Depuis 2019, la Longueuilloise Muriel Lenfant Couët participe à un événement de course pour amasser des fonds pour Ataxie Canada. Celle qui est atteinte de cette maladie génétique neuromusculaire dégénérative doit cette année délaisser son Walker Trionic, qui lui permettait de parcourir les 5 km. Cette fois, son époux Christophe la poussera à bord d’un kartus.

Elle prendra part aux Courses partagées, à Drummondville. Elle espère amasser 3000$ pour Ataxie Canada. «Aidez-moi à transformer ce défi en force : soutenez notre course du 17 mai et contribuez concrètement à la recherche sur l’ataxie. Chaque don fait une vraie différence», souligne-t-elle.

Ses symptômes invalidants ont commencé en 2010, mais le diagnostic n’est venu que six ans plus tard : une ataxie cérébelleuse dont elle ignore la cause. Sensibilité à la lumière, à l’exercice physique, anxiété, sensibilité à l’alcool et au café, migraines et vertiges font partie de ses symptômes.

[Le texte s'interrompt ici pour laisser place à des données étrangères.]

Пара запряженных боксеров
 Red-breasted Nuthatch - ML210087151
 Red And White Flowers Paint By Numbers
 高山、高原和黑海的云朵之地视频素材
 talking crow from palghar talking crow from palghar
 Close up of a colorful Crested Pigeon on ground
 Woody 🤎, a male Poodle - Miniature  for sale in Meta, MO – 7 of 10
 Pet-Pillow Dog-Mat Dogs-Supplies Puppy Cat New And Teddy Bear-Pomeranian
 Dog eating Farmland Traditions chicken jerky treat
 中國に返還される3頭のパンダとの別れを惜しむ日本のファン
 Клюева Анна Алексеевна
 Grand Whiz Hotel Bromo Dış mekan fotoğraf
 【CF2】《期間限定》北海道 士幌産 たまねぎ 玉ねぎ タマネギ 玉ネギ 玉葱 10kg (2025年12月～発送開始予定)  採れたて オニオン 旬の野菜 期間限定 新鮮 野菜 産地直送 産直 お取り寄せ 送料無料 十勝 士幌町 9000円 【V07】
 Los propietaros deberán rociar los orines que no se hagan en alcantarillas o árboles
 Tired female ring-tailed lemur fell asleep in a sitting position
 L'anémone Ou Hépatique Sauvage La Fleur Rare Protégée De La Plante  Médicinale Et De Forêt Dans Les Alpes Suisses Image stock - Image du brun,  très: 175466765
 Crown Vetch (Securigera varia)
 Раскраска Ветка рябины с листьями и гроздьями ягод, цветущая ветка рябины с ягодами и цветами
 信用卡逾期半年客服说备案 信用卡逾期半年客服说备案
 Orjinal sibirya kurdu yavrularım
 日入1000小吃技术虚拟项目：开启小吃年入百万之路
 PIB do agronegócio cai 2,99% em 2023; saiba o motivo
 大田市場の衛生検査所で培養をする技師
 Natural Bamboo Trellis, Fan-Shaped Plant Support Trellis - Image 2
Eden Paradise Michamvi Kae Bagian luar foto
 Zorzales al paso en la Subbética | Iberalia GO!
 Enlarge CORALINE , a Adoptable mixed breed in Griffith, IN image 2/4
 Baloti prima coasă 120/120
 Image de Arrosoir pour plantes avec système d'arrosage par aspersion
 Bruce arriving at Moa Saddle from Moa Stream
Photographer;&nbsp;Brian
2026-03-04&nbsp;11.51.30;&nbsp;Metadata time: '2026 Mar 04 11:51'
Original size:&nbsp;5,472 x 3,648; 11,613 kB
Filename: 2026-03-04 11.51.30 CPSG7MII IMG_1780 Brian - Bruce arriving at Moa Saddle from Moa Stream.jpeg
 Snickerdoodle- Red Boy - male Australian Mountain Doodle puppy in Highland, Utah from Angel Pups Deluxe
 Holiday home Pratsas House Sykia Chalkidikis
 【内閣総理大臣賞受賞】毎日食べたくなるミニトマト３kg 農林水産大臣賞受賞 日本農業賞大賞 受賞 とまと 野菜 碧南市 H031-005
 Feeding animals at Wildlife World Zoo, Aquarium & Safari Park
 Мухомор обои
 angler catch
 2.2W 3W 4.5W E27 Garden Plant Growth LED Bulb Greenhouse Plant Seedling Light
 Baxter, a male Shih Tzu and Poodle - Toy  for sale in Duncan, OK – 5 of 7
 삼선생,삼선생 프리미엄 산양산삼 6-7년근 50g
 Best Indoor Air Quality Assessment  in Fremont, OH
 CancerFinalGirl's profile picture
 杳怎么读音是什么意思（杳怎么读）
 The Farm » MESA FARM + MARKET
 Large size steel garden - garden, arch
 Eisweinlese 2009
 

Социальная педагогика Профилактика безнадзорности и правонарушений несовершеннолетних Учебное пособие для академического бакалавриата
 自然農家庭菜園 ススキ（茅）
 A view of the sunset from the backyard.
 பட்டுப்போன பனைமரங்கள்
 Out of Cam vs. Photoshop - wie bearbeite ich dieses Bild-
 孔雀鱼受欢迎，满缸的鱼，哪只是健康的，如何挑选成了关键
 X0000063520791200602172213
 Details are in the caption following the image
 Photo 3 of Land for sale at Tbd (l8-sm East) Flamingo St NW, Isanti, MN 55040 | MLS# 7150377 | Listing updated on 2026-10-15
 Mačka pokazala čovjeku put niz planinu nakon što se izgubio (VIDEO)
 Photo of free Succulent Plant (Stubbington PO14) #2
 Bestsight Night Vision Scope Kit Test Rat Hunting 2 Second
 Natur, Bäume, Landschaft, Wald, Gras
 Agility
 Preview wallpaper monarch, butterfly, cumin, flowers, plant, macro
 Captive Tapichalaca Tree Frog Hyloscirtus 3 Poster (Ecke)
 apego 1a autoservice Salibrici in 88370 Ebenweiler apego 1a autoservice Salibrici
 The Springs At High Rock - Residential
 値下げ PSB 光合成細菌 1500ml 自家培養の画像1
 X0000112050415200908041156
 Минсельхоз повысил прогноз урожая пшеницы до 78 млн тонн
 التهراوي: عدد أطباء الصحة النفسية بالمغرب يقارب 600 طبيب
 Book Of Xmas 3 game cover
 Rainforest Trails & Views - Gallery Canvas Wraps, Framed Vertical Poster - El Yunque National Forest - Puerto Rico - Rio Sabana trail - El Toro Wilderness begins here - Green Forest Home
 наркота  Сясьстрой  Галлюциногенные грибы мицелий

«Porter une maladie rare, ce n’est pas juste poser un diagnostic. C’est aussi puiser la force mentale et physique de relever des défis dans la vie de tous les jours. C’est se lever le matin pour aller travailler dans un environnement qui ne pense qu’au rendement et à l’argent», soulève-t-elle. […]. C’est se battre pour faire reconnaître nos droits avec des limitations physiques, et quelquefois cognitives. C’est redoubler d’efforts avec des inconforts visuels, moteurs et émotionnels en tant qu’épouse et maman.»

C’est grâce à l’équipe d’Ataxie Canada, de son neurologue Antoine Duquette, de l’équipe du centre de recherche du CHUM de Montréal, et du laboratoire du département génétique de l’université de Chicago qu’elle a pu «élucider le mystère du gène FGF14».